Patrick Valduriez (INRIA, France & LeanXcale, Spain)
Principles of Distributed Database Systems: spotlight on NewSQL
The first edition of the book Principles of Distributed Database Systems, co-authored with Prof. Tamer Özsu (University of Waterloo) appeared in 1991 when the technology was new and there were not too many products. In the Preface to the first edition, we had quoted Michael Stonebraker who claimed in 1988 that in the following 10 years, centralized DBMSs would be an “antique curiosity” and most organizations would move towards distributed DBMSs. That prediction has certainly proved to be correct, and most systems in use today are either distributed or parallel.
The fourth edition of this classic textbook [Özsu & Valduriez 2020] provides major updates, in particular, new chapters on big data platforms, NoSQL, NewSQL and polystores. In this tutorial, we introduce these major updates, with a focus on NewSQL.
NewSQL is the latest technology in the big data management landscape, enjoying a fast-growing rate in the DBMS and BI markets. NewSQL combines the scalability and availability of NoSQL with the consistency and usability of SQL. By providing online analytics over operational data, NewSQL opens up new opportunities in many application domains where real-time decision is critical. Important use cases are eAdvertisement (such as Google Adwords), IoT, performance monitoring, proximity marketing, risk monitoring, real-time pricing, real-time fraud detection, etc. NewSQL may also simplify data management, by removing the traditional separation between NoSQL and SQL (ingest data fast, query it with SQL), as well as between operational database and data warehouse / data lake (no more ETLs!). However, a hard problem is scaling out transactions in mixed operational and analytical (HTAP) workloads over big data, possibly coming from different data stores (HDFS, SQL, NoSQL). Today, only a few NewSQL systems have solved this problem.

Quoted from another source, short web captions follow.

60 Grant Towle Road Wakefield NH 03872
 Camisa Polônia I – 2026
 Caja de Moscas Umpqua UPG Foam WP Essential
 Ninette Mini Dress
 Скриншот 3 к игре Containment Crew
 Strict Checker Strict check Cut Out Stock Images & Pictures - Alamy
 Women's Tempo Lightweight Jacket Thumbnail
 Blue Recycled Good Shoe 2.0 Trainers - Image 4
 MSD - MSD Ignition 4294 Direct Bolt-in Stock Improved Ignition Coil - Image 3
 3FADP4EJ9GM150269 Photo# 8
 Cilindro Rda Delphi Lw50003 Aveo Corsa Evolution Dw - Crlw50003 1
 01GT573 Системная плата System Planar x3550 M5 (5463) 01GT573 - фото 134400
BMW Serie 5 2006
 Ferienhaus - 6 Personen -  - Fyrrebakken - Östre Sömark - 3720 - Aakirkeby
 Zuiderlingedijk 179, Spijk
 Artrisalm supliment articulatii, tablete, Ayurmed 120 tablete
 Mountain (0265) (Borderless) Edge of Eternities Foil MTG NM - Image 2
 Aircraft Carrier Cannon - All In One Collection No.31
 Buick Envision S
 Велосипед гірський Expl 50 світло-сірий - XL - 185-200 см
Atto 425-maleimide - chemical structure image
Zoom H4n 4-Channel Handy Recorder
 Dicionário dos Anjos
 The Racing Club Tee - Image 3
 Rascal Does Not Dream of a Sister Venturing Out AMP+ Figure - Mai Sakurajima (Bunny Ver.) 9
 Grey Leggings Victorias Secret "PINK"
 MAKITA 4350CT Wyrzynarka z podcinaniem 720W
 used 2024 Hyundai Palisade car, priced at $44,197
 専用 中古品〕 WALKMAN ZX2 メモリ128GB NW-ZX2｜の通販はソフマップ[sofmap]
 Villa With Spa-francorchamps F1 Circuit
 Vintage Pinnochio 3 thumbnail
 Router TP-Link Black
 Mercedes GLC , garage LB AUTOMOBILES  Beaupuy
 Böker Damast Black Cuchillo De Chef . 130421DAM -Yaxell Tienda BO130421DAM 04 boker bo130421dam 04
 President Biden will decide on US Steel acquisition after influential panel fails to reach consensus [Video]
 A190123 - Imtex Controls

A first in-depth presentation of NewSQL was given in a tutorial at IEEE Big Data 2019 with Prof. Ricardo Jimenez-Peris (CEO and founder at LeanXcale) [Valduriez & Jimenez-Peris 2019]. In this tutorial, we provide a taxonomy of NewSQL systems based on major dimensions including targeted workloads, capabilities and implementation techniques. We illustrate with popular NewSQL systems such as Google Spanner, LeanXcale, CockroachDB, SAP HANA, MemSQL and Splice Machine. In particular, we give a spotlight on some of the more advanced systems. We also compare with major NoSQL and SQL systems, and discuss integration within big data ecosystems and corporate information systems, using polystores. Finally, we discuss the current trends and research directions.
About the Speaker
Patrick Valduriez is a senior scientist at Inria, France, and the scientific advisor of the LeanXcale company. He has also been a professor of computer science at University Pierre et Marie Curie (UPMC), now Sorbonne University, in Paris (2000-2002) and a researcher at Microelectronics and Computer Technology Corp. in Austin, Texas (1985-1989). He received his Ph. D. degree and Doctorat d’Etat in CS from UPMC in 1981 and 1985, respectively. From 1995 to 2000, he was the manager of the Bull-Inria joint venture (called Dyade), which fostered technology transfer in IT and security. Dyade spined off five successful start-ups, including Kelkoo based on the Disco software that he built at Inria with his team. He has also been consulting for major companies in USA, Europe, Brazil and France.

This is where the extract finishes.